= Kaufman Footwear =

Canadian footwear manufacturing company

Kaufman Footwear was a Kitchener, Ontario-based shoe company. It was known for its Sorel brand.

==History==
The Kaufman Rubber Company was founded by Jacob Kaufman and his son Alvin Ratz Kaufman in 1908, in Berlin, Ontario - what is now Kitchener, Ontario. It became Kaufman Footwear in 1964.

A.R. Kaufman took over as president of the company in 1920, a position he held until 1964, when his son, William H. Kaufman, assumed the role. A. R. Kaufman was a leading Canadian eugenicist who encouraged sterilization of his workers. When Kaufman Rubber laid off workers during the Great Depression, Kaufman's proposed solution to their financial woes was sterilization. Kaufman would later take credit for over 1000 male sterilizations performed at Kaufman factories between 1930 and 1969.

Kaufman Rubber Co. brands included Foamtread slippers, introduced in 1953; Showertogs, an early use of PVC as a clothing material, in 1954; and its Sorel line of winter boots, which was later developed as a utility and fashion winter footwear brand.

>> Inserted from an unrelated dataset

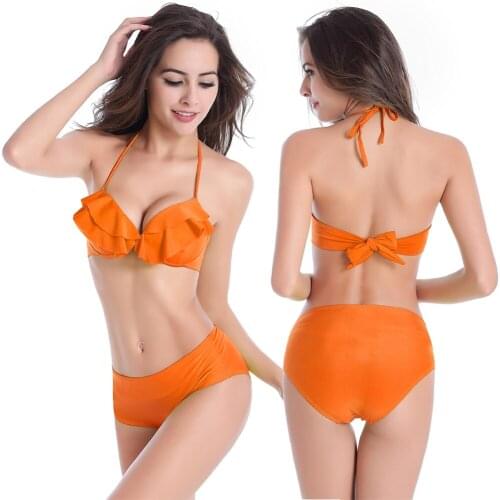 Womens Separate Swimsuits Push Up Brazilian Bikinis Solid Color High Waist Thong Biquini Set Cover Up Beachwear Bathing Suit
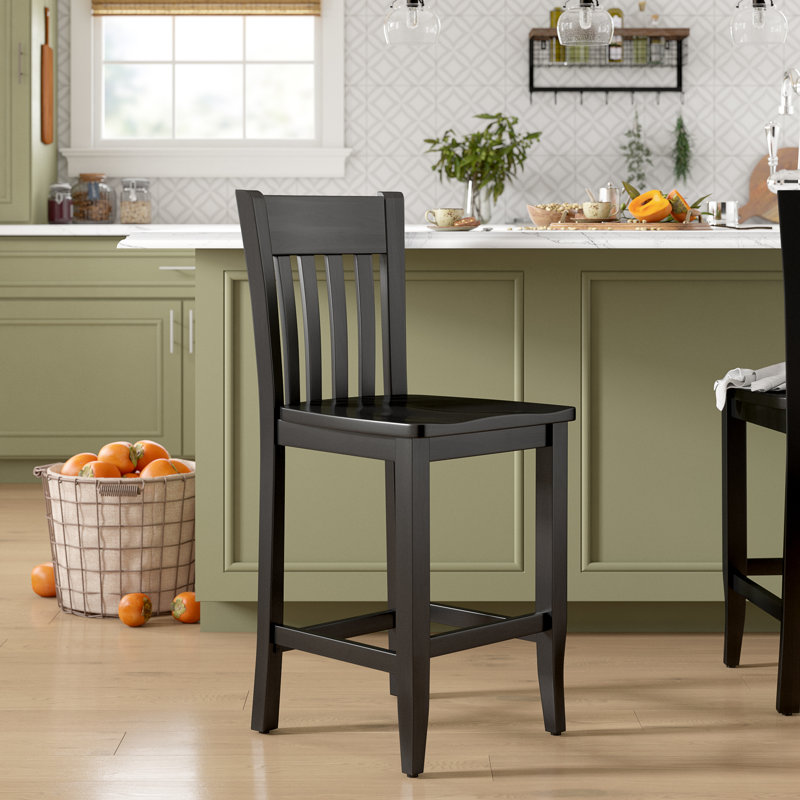 Tabouret Henson, Noir, Tabouret de comptoir (assise de 24 po de hauteur)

In 1961 Kaufman purchased L.H. Packard & Co. of Montreal, followed by Prospect Shoes Ltd. of Sherbrooke in 1966. Kaufman also manufactured under the brand names "Oomphies" (women's casual and duty shoes), "Snowbelles" (slush-molded vinyl boots), "Feelings" (women's casual sandals), "The Real Thing" (women's footbed sandals), "Kingtreads" (safety footwear) and "Black Diamond" (industrial footwear and clothing).

Kaufman Footwear declared bankruptcy in 2000 and the Sorel trademark was bought by Columbia Sportswear.